(Recorded data)
[Start of section]

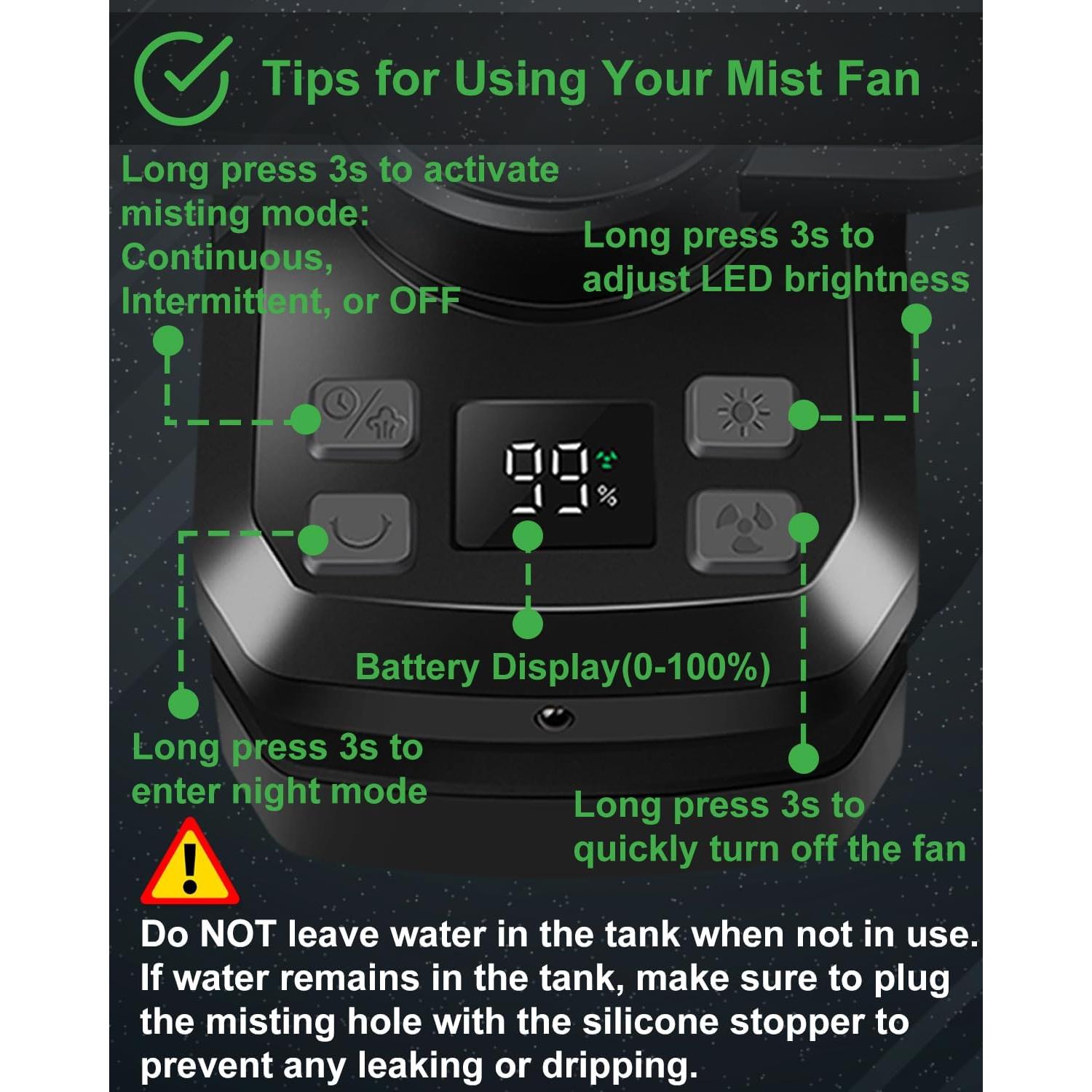 Ventilador Portátil Recargable Dymuzic 9" con Nebulización 20000mAh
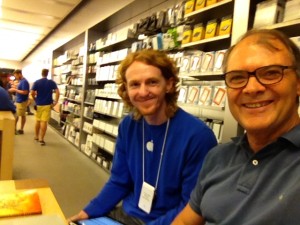 Working on the book at the Apple Store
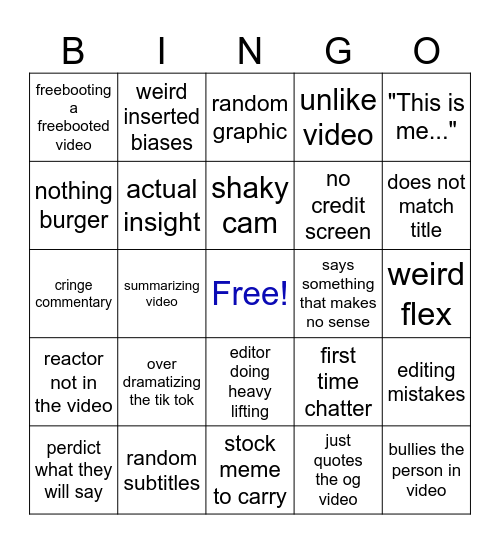 Sssniperwolf Bingo Card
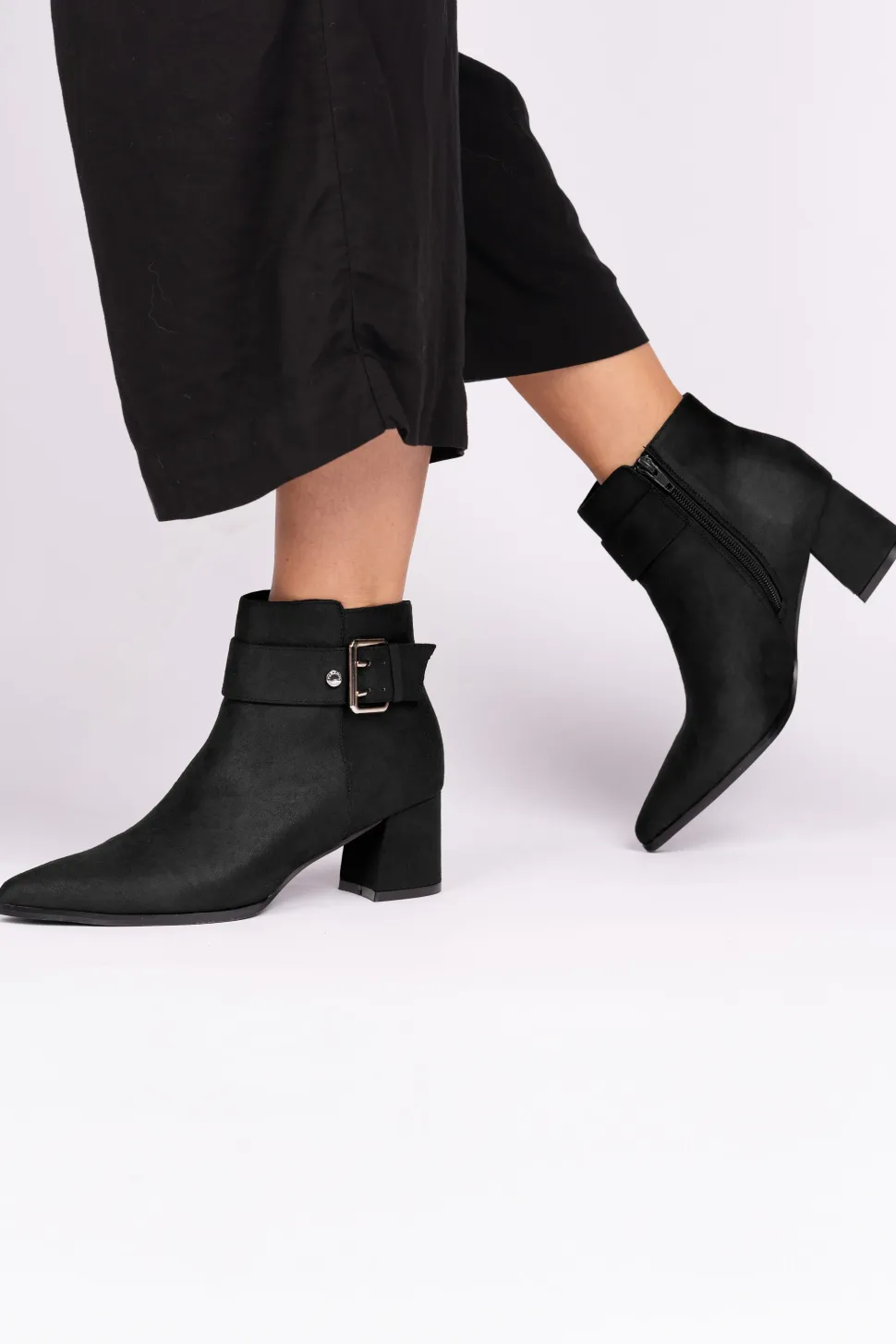 Micro Suede 'Aspen' Mid Block Ankle Boot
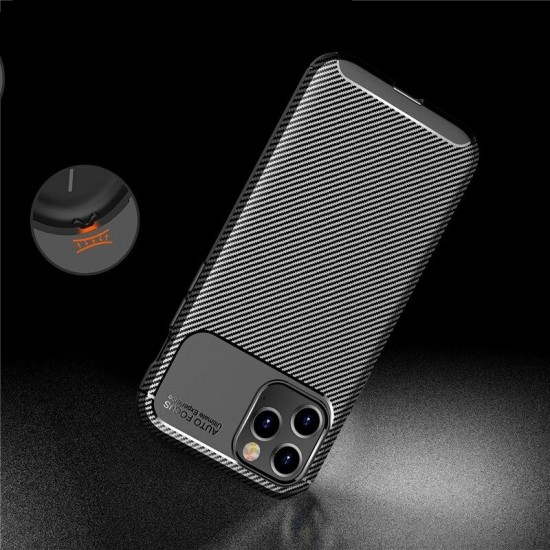 For iPhone 12/ 12 Pro 6.1inch Case Luxury Carbon Fiber Pattern with Lens Protector Shockproof Silicone Protective Case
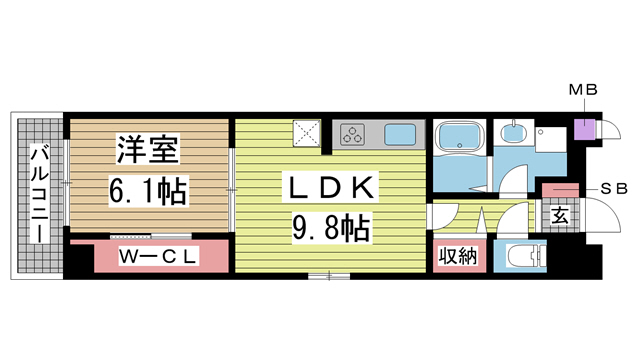 神戸市長田区若松町(JR山陽本線鷹取駅)のマンション賃貸物件 間取画像
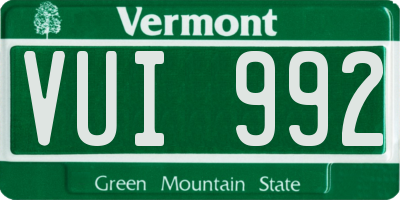 VT license plate VUI992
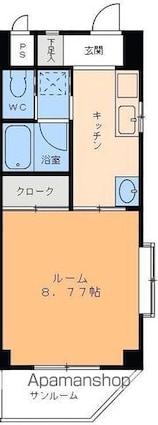 アミスタッド本町[1K/28.62m2]の間取図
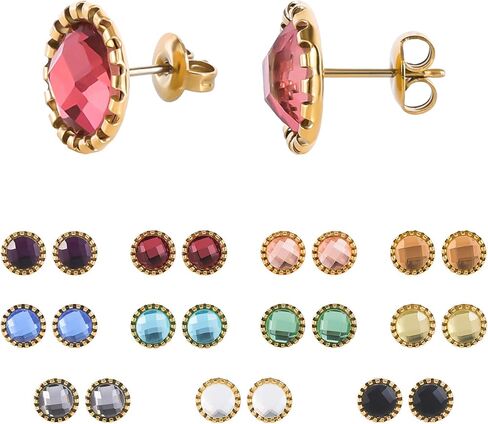 11 Pairs Crystal Rhinestone Stud Earrings Gold Plated Stainless Steel Multicolor Dance Stud Earrings Set for Women in Saudi Arabia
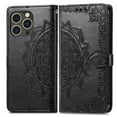 thumbnail image 2 of Jiahe Cover for iPhone 13 Pro Max Wallet Case PU Leather Mandala Flower Embossed with Card Holder Wrist Strap Kickstand Protective Lanyard Purse Cover for iPhone 13 Pro Max 6.7 Inch, Black, 2 of 8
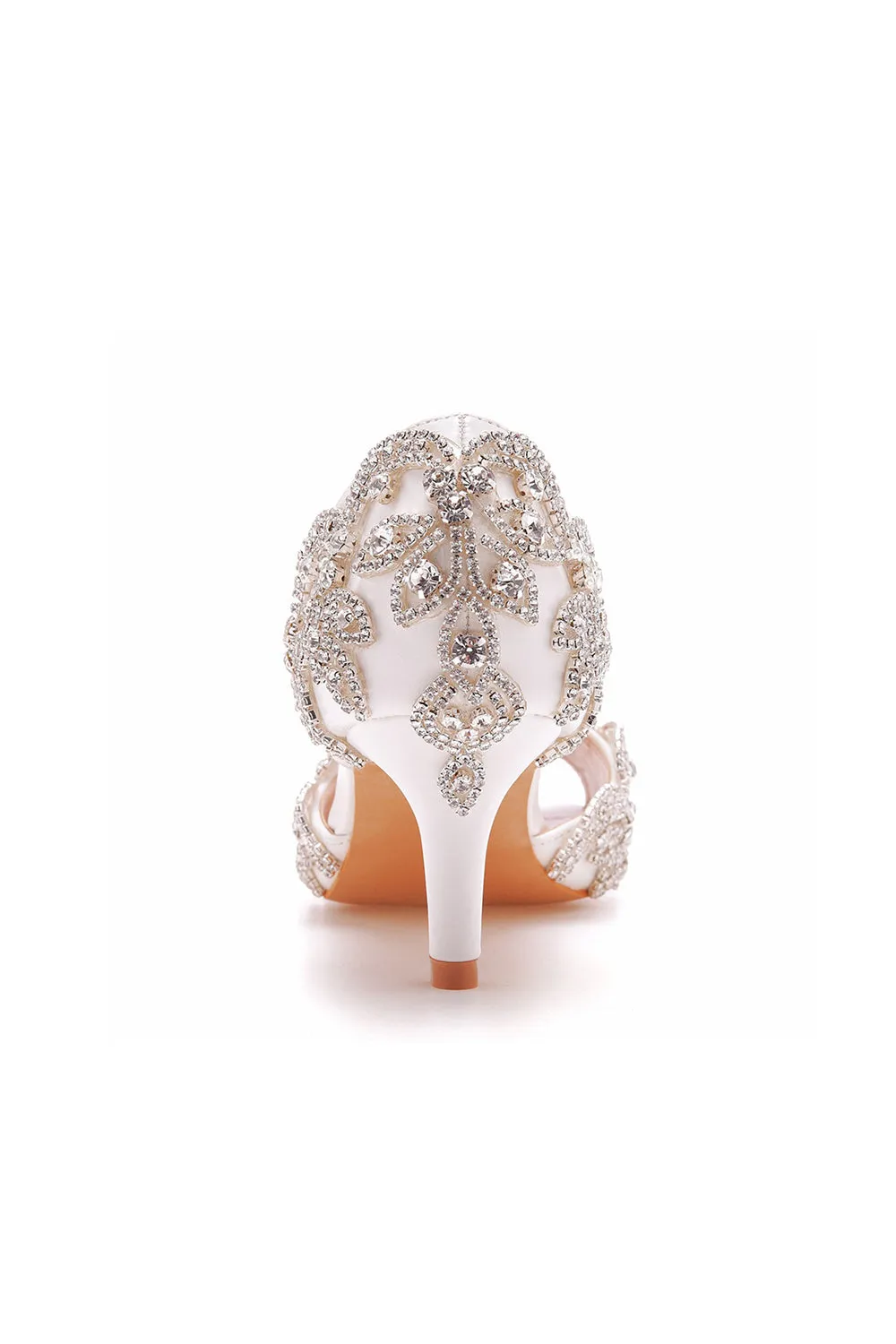 Peep Toe Satin Rhinestone Slip On High Heels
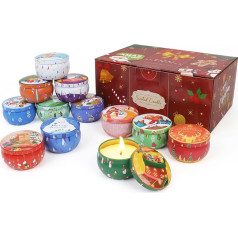 12 x Christmas Scented Candles, 2.5 oz Jar Candles, 12 Christmas Scented Candle Gift Set for Women, 12 Hours Burning Time, Candle Gift for Stress Relief, Relaxation, Meditation, Spa, Yoga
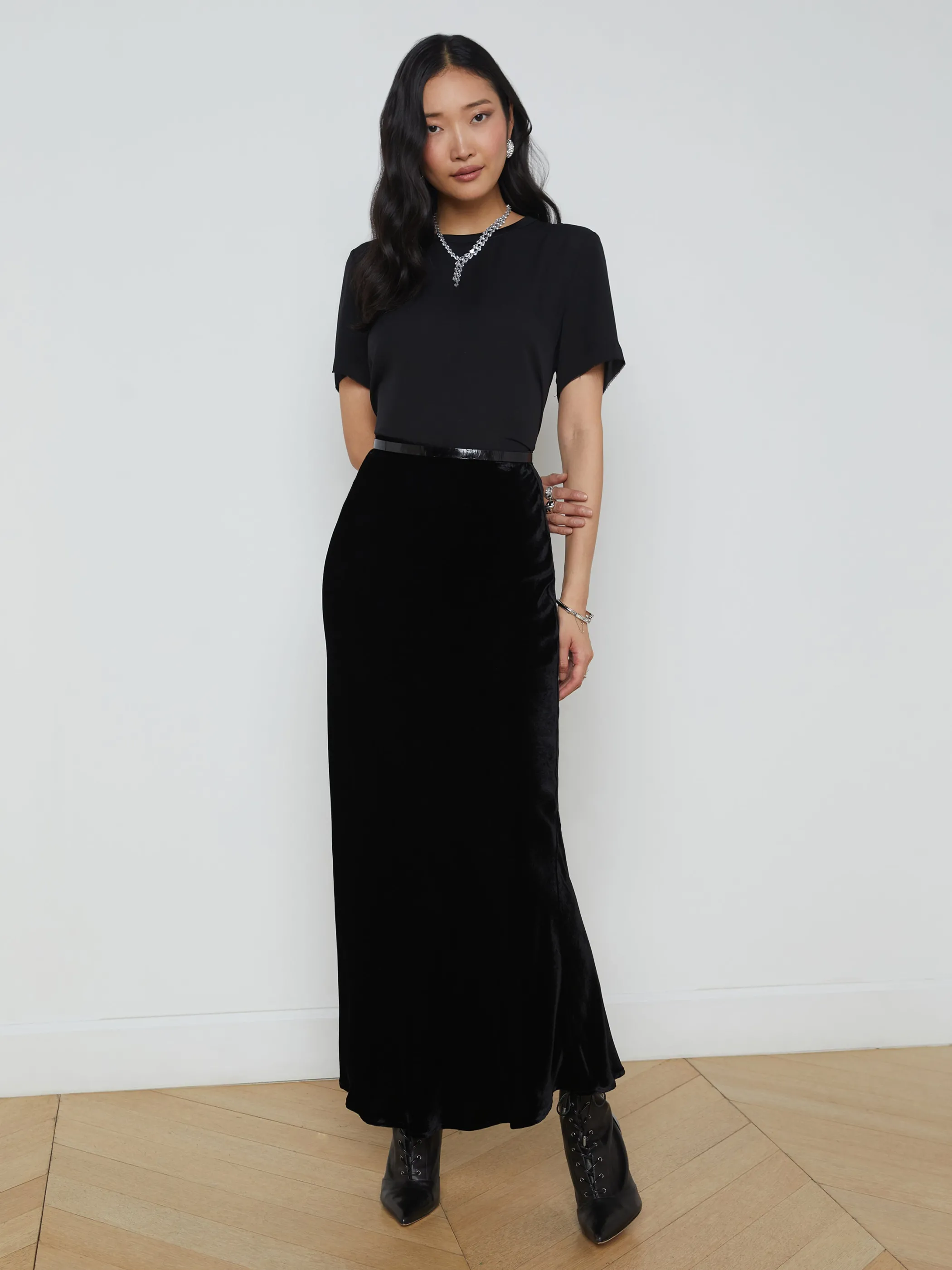 Matching Sets | Skirts*L'AGENCE ZETA VELVET MAXI SKIRT VelvetBlack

[End of section]

> _YOUR GOAL_
Given the records above, return the lines starting at the one that holds "神戸市長田区若松町(JR山陽本線鷹取駅)のマンション賃貸物件 間取画像" and ending at the one that holds "12 x Christmas", exactly, and nothing besides; leave every picture out.

> _TASK OUTPUT_
 神戸市長田区若松町(JR山陽本線鷹取駅)のマンション賃貸物件 間取画像
 VT license plate VUI992
 アミスタッド本町[1K/28.62m2]の間取図
 11 Pairs Crystal Rhinestone Stud Earrings Gold Plated Stainless Steel Multicolor Dance Stud Earrings Set for Women in Saudi Arabia
 thumbnail image 2 of Jiahe Cover for iPhone 13 Pro Max Wallet Case PU Leather Mandala Flower Embossed with Card Holder Wrist Strap Kickstand Protective Lanyard Purse Cover for iPhone 13 Pro Max 6.7 Inch, Black, 2 of 8
 Peep Toe Satin Rhinestone Slip On High Heels
 12 x Christmas Scented Candles, 2.5 oz Jar Candles, 12 Christmas Scented Candle Gift Set for Women, 12 Hours Burning Time, Candle Gift for Stress Relief, Relaxation, Meditation, Spa, Yoga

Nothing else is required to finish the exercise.